• PROBLEM TO SOLVE: Since the pictures are not wanted, retype the listing below exactly and without them.

• PROVIDED DATA:
·····
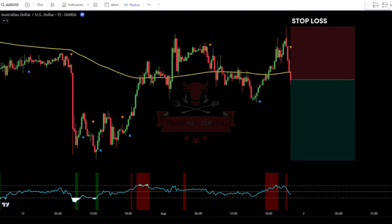Place the stop loss at the last swing high. Use a take-profit target with a risk-to-reward ratio of 1 to 1.5.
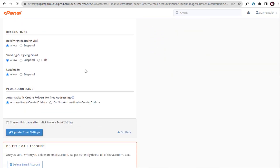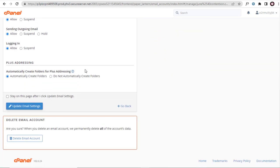And next, we need to scroll to the bottom of the page and click the delete email account button to permanently delete the email account.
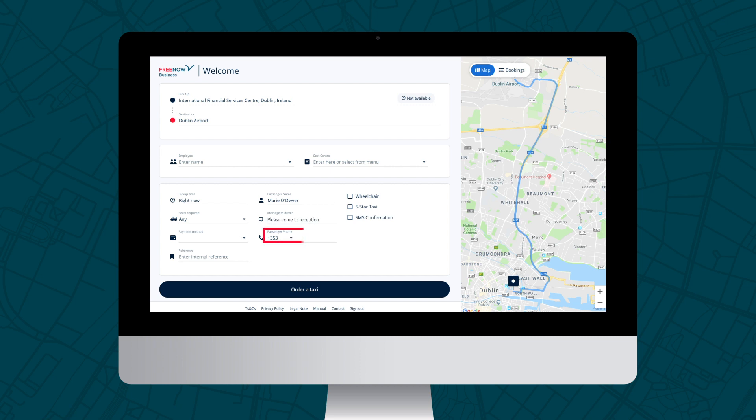Ensure that the country code prefix plus 353 is set for Irish numbers. If an international number is being used, the code can be selected from the drop-down menu. We advise entering the passenger's mobile number into this section so they can be notified directly when the driver has arrived.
·····
• OUTPUT BELOW:
Place the stop loss at the last swing high. Use a take-profit target with a risk-to-reward ratio of 1 to 1.5.
And next, we need to scroll to the bottom of the page and click the delete email account button to permanently delete the email account.
Ensure that the country code prefix plus 353 is set for Irish numbers. If an international number is being used, the code can be selected from the drop-down menu. We advise entering the passenger's mobile number into this section so they can be notified directly when the driver has arrived.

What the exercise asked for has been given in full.